▶ Excerpted records
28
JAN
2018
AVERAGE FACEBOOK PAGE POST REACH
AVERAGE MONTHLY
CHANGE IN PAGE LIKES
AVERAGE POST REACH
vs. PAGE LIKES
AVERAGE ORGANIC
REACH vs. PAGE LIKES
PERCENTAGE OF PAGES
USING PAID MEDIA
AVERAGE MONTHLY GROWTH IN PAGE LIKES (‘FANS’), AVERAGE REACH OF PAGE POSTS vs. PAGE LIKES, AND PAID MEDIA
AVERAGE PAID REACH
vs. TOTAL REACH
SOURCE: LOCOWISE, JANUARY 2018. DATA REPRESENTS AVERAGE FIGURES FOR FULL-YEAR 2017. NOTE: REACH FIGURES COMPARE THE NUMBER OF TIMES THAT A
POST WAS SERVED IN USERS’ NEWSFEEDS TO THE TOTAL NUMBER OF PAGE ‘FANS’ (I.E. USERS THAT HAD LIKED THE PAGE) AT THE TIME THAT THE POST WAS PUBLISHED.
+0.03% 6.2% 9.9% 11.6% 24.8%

▶ What you need to do
Print exactly, and only, the lines of the material above that run from the one containing "SOURCE: LOCOWISE, JANUARY" through its last line.

▶ Exercise answer
SOURCE: LOCOWISE, JANUARY 2018. DATA REPRESENTS AVERAGE FIGURES FOR FULL-YEAR 2017. NOTE: REACH FIGURES COMPARE THE NUMBER OF TIMES THAT A
POST WAS SERVED IN USERS’ NEWSFEEDS TO THE TOTAL NUMBER OF PAGE ‘FANS’ (I.E. USERS THAT HAD LIKED THE PAGE) AT THE TIME THAT THE POST WAS PUBLISHED.
+0.03% 6.2% 9.9% 11.6% 24.8%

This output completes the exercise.